Pero la autonomía también fue un problema que seguramente le consumió muchos insomnios a Quino. En los años sesenta había tenido que lidiar con quienes sentían que Mafalda sería suya y que podían darle su impronta o increparle sus posturas de modo furibundo, tildándola de “pequeña burguesa” o, por el contrario, de “subversiva”.
Las discusiones, entendamos, mostraban la importancia política de la historieta. Para muchos lectores –como expresaron en sus cartas- la tira era el mejor editorial político en su momento, como en los años setenta, en cual la ironía podía ser una clave sustantiva para entender el proceso político. Y al mismo tiempo, una ayuda para sostenerse en las conmociones constantes que ésta deparaba.
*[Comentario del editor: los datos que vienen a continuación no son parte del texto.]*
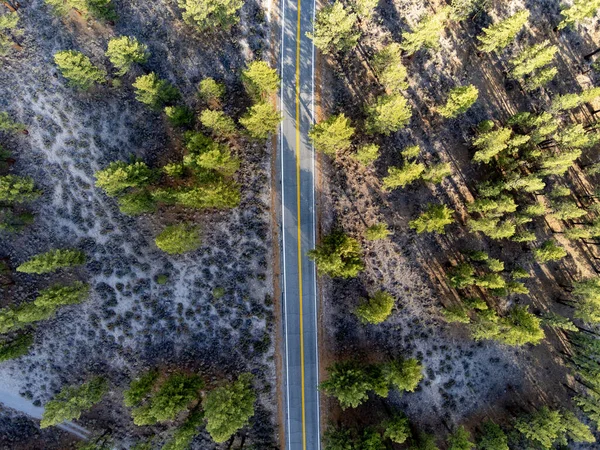 Вид Воздуха Узкую Длинную Дорогу Через Высокие Зеленые Деревья — стоковое фото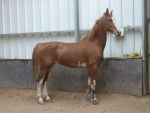 Corrida - (7 ans)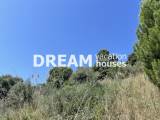 slide1 thumbnail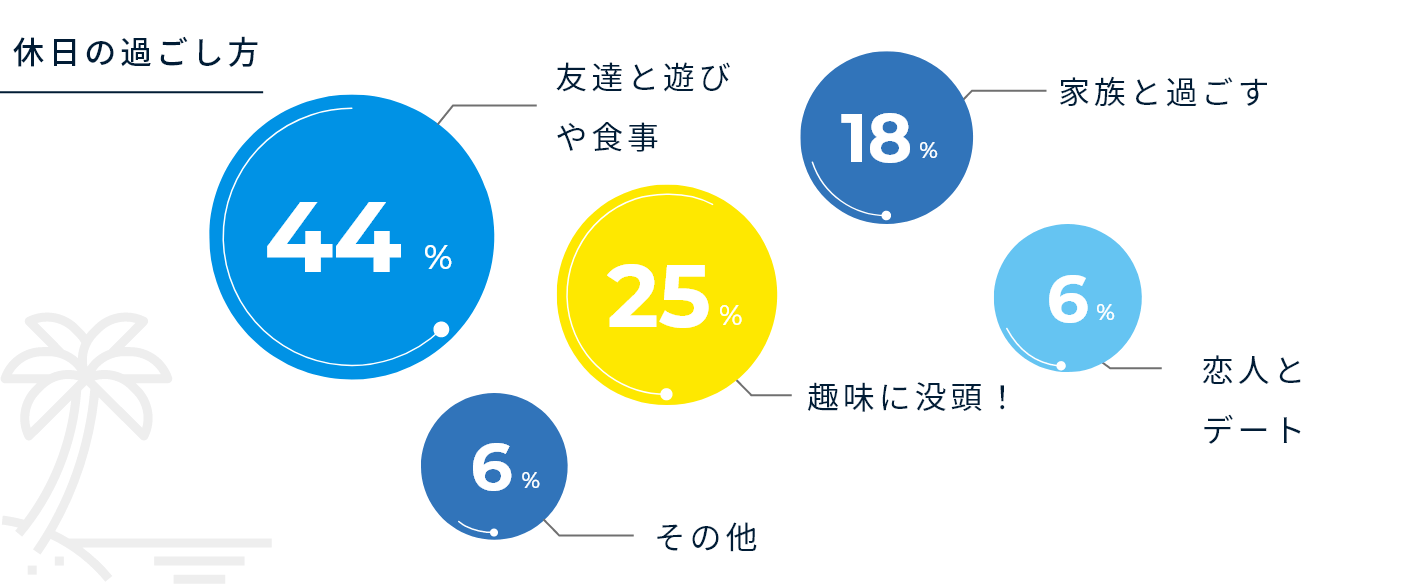 給料の使い道 図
De hecho, Mafalda estuvo completamente implicada/atravesada en esa coyuntura. Y las apropiaciones de su figura podían volverse atroces como sucedió cuando las fuerzas represivas blandieron el famoso afiche con el “bastón de abollar ideologías” como revancha y amenaza sangrienta y trataron de convertirlo en macabro instrumento de terror. Lo colocaron sobre el cuerpo de Salvador Barbeito, uno de los seis sacerdotes palotinos asesinados el 4 de julio de 1976, como denunció Gabriel Kimel. Era una forma de apropiarse del humor de aquellos que confrontaban con la represión, desde posiciones muy diferentes, de blandirlo en una broma macabra para matar con impunidad. Quino, consultado al respecto, contó que supo mucho tiempo después de este episodio de odiosa revancha.
Mafalda no sólo es la creación más popular de Quino: es única. Sabemos que fue la única tira por él producida y que su estilo se recorta límpido, absolutamente singular, diferente a las extraordinarias hojas de humor que Quino nos regaló durante décadas. Pero Mafalda es única, sobre todo, porque se convirtió en un fenómeno social a escala global. Quien visite la estatua en San Telmo verá que habitualmente se forma una fila. Encontrará personas jóvenes y grandes, argentinos y extranjeros, familias, parejas y turistas.